Copy exactly the line that contains "Scooterrijder botst op auto" plus all remaining lines of the data, and leave out every line before it.

--*--

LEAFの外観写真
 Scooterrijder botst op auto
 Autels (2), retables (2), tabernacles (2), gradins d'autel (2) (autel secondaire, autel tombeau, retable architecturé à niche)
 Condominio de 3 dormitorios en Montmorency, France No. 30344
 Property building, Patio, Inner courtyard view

--*--

● **OUTPUT FOR THIS EXERCISE**
 Scooterrijder botst op auto
 Autels (2), retables (2), tabernacles (2), gradins d'autel (2) (autel secondaire, autel tombeau, retable architecturé à niche)
 Condominio de 3 dormitorios en Montmorency, France No. 30344
 Property building, Patio, Inner courtyard view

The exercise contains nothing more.